Bill Text: MS SB2147 | 2013 | Regular Session | Enrolled


Bill Title: Economic Redevelopment Act; revise definition of "contaminated site" and time in which county/municipality may apply for.

Spectrum: Partisan Bill (Republican 1-0)

Status: (Passed) 2013-04-03 - Approved by Governor [SB2147 Detail]

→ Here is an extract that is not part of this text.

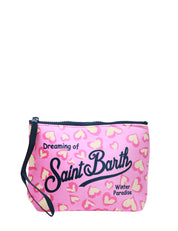 POCHETTE MC 2 SAINT BARTH ROSA CON STAMPA CUORI E LOGO BLU IN SCUBA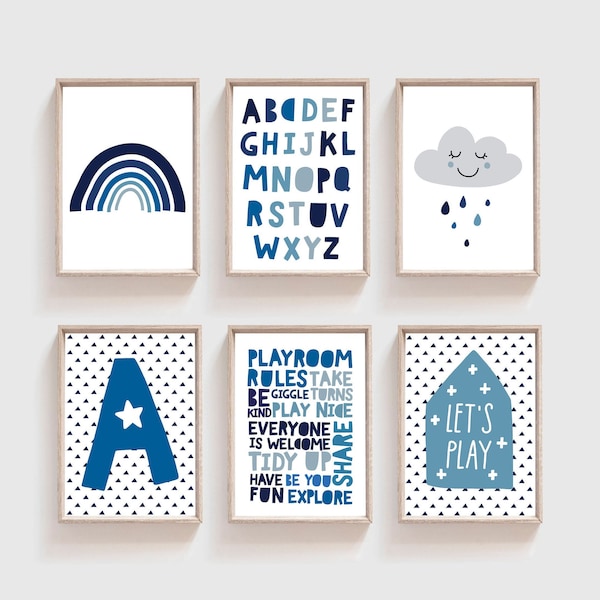 Juego de 6 decoraciones para dormitorio de niños, decoración de guardería de niños, impresiones para dormitorio de niños, reglas de sala de juegos, arte de pared para sala de juegos, personalizado, póster para dormitorio de niños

Download: Mississippi-2013-SB2147-Enrolled.html

MISSISSIPPI LEGISLATURE

2013 Regular Session

To: Finance

By: Senator(s) Hopson

Senate Bill 2147

(As Sent to Governor)

AN ACT TO AMEND SECTIONS 57-91-5, 57-91-7 AND 57-91-9, MISSISSIPPI CODE OF 1972, TO REVISE THE DEFINITION OF THE TERM "CONTAMINATED SITE" UNDER THE ECONOMIC REDEVELOPMENT ACT; TO REVISE THE TIME IN WHICH CERTAIN COUNTIES AND MUNICIPALITIES MAY APPLY TO THE MISSISSIPPI DEVELOPMENT AUTHORITY FOR DESIGNATION AS REDEVELOPMENT COUNTIES AND MUNICIPALITIES UNDER THE ECONOMIC REDEVELOPMENT ACT; TO EXTEND THE PERIOD OF TIME THAT THE MISSISSIPPI DEVELOPMENT AUTHORITY MAY MAKE INCENTIVE PAYMENTS FROM THE REDEVELOPMENT PROJECT INCENTIVE FUND TO A DEVELOPER OF A REDEVELOPMENT PROJECT UNDER THE ECONOMIC REDEVELOPMENT ACT; AND FOR RELATED PURPOSES.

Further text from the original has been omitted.